I may be missing something: for Figure 5, what motivation does Y have to go along with perceived choice (0.95, 0.4), given that in this situation Y does not possess the information possessed (and true) in the previous situation that '(0.95, 0.4)' is actually (0.95, 0.95)?
In Figure 2, (0.6, 0.6) appears symmetrical and Pareto optimal to X. In Figure 5, (0.6, 0.6) appears symmetrical and Pareto optimal to Y. In Figure 2, X has something to gain by choosing/{allowing the choice of} (0.95, 0.4) over (0.6, 0.6) and Y has something to gain by choosing/{allowing the choice of} (0.95, 0.95) over (0.6, 0.6), but in Figure 5, while X has something to gain by choosing/{allowing the choice of} (0.6, 0.4) over (0.5, 0.5), Y has nothing to gain by choosing/{allowing the choice of} (0.95, 0.4) over (0.6, 0.6).
Is there a rule(/process) that I have overlooked?
Going through the setup again, it seems as though in the first situation (0.95, 0.95) would be chosen while looking to X as though Y was charitably going with (0.95, 0.4) instead of insisting on the symmetrical (0.6, 0.6), and that in the second situation Y would insist on the seemingly-symmetrical-and-(0.6, 0.6) (0.4, 0.6) instead of going along with X's desired (0.6, 0.4) or even the actually-symmetrical (0.5, 0.5) (since that would appear {non-Pareto optimal}/{Pareto suboptimal} to Y).

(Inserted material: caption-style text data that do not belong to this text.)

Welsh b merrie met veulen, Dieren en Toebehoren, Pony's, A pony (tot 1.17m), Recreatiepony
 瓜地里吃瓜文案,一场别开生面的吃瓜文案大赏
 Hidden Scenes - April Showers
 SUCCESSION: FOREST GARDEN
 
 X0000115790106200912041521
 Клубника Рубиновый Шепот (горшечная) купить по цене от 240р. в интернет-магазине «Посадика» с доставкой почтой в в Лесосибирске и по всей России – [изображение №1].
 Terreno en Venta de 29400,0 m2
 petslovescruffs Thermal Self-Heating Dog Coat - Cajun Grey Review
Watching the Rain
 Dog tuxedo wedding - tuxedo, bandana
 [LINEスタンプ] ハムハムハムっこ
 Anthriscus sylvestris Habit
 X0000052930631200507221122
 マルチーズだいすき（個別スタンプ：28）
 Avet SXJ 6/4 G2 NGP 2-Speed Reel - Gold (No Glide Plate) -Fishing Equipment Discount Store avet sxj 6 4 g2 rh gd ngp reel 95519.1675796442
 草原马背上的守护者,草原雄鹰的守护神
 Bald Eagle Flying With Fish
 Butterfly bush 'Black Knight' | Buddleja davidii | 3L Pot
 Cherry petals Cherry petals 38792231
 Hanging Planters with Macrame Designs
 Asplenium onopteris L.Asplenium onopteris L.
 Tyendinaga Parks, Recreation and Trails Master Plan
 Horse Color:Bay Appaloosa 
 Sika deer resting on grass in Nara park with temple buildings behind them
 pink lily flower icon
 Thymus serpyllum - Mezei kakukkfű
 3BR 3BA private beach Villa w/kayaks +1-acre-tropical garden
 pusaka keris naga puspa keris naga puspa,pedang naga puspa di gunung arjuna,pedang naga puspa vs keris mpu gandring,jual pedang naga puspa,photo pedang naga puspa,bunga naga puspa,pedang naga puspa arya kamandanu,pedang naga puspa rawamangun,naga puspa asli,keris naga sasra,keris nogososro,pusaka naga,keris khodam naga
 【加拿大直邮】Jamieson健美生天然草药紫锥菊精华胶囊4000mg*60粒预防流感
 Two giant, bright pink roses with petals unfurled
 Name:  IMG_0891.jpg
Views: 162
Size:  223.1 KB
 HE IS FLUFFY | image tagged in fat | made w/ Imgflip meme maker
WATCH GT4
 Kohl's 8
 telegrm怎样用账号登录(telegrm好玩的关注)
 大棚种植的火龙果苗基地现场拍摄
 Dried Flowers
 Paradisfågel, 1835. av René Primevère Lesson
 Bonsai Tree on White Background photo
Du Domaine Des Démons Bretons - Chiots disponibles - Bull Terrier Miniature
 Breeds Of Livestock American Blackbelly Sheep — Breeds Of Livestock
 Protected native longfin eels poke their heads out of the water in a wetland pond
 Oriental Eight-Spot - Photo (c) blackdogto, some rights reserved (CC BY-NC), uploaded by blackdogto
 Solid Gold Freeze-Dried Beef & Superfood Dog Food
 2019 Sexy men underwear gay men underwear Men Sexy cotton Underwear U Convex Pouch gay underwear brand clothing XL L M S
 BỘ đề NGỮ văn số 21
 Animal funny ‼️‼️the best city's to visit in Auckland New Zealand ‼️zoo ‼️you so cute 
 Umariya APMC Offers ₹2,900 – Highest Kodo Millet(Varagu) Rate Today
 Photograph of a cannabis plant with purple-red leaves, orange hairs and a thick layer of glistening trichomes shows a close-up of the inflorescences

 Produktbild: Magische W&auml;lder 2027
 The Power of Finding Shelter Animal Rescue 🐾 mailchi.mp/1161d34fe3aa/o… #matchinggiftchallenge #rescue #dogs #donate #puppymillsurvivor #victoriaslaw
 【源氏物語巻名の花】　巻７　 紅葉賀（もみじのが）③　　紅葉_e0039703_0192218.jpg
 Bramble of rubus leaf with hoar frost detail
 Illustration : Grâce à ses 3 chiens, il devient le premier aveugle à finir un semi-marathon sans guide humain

As Stuart_Armstrong explains to me on a different thread, the decision process isn't necessarily picking one of the discrete outcomes, but can pick a probabilistic mixture of outcomes. (.6,.6) doesn't appear Pareto-optimal because it's dominated by, e.g., selecting (.95, .4) with probability p=.6/.95 and (0,1) with probability 1-p.
The point of the proof is that if there is an established procedure that takes as input people's stated utilities about certain choices, and outputs a Pareto outcome, then it must be possible to game it by lying. The motivations of the players aren't taken into account once their preferences are stated.
Rather than X or Y succeeding at gaming it by lying, however, it seems that a disinterested objective procedure that selects by Pareto optimalness and symmetry would then output a (0.6, 0.6) outcome in both cases, causing a -0.35 utility loss for the liar in the first case and a -0.1 utility loss for the liar in the second.
Is there a direct reason that such an established procedure would be influenced by a perceived (0.95, 0.4) option to not choose an X=Y Pareto outcome? (If this is confirmed, then indeed my current position is mistaken. <nods>)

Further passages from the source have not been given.